* **ABOUT THIS TASK**:
Copy the data exactly; pictures stay out of the copy.

* **DATA EXTRACTS**:

---+---

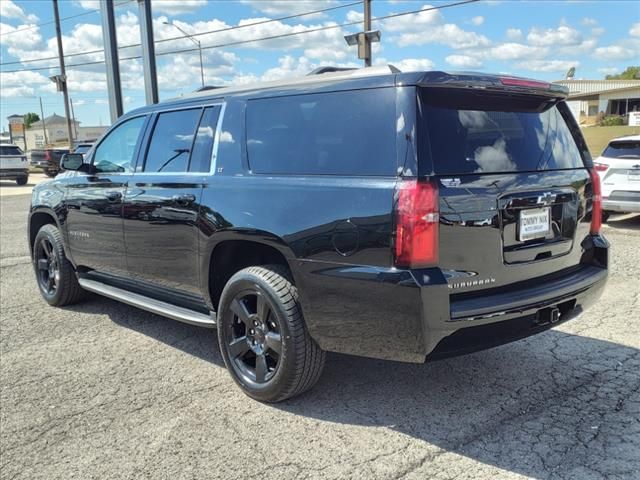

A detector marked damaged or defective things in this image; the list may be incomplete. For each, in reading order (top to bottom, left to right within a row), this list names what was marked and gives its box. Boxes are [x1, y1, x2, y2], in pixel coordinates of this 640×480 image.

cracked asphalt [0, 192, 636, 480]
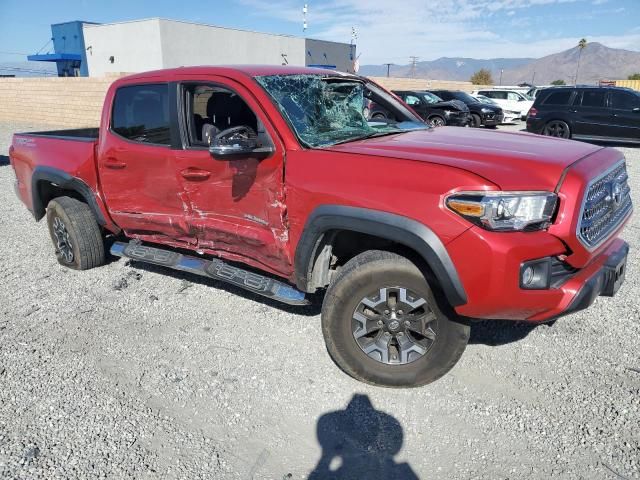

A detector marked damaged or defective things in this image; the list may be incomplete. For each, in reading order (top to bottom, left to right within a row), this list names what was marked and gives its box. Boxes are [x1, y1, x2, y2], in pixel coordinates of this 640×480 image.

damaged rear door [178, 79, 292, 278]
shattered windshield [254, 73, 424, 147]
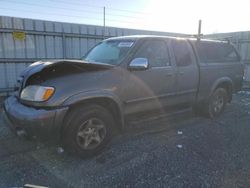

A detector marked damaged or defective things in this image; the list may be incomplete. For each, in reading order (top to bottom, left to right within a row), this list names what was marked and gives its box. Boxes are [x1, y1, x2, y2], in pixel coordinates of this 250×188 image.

---+---

* **SOLUTION TO THIS TASK**:
A detector marked damaged or defective things in this image; the list may be incomplete. For each, in reading order (top to bottom, left to right within a row), this list names what was marked and gives its box. Boxes are [x1, y1, x2, y2], in pixel coordinates of this 640×480 image.

cracked asphalt [0, 192, 636, 480]

A detector marked damaged or defective things in this image; the list may be incomplete. For each, in reading order (top to bottom, left to right within a row), this list names what was marked and gives its box. Boxes are [x1, y1, x2, y2], in pixel coordinates of this 640×480 image.

damaged rear door [178, 79, 292, 278]
shattered windshield [254, 73, 424, 147]

A detector marked damaged or defective things in this image; the list may be incomplete. For each, in reading order (top to bottom, left to right within a row), this list names what was marked and gives its box. Boxes are [x1, y1, x2, y2], in pixel coordinates of this 250×188 image.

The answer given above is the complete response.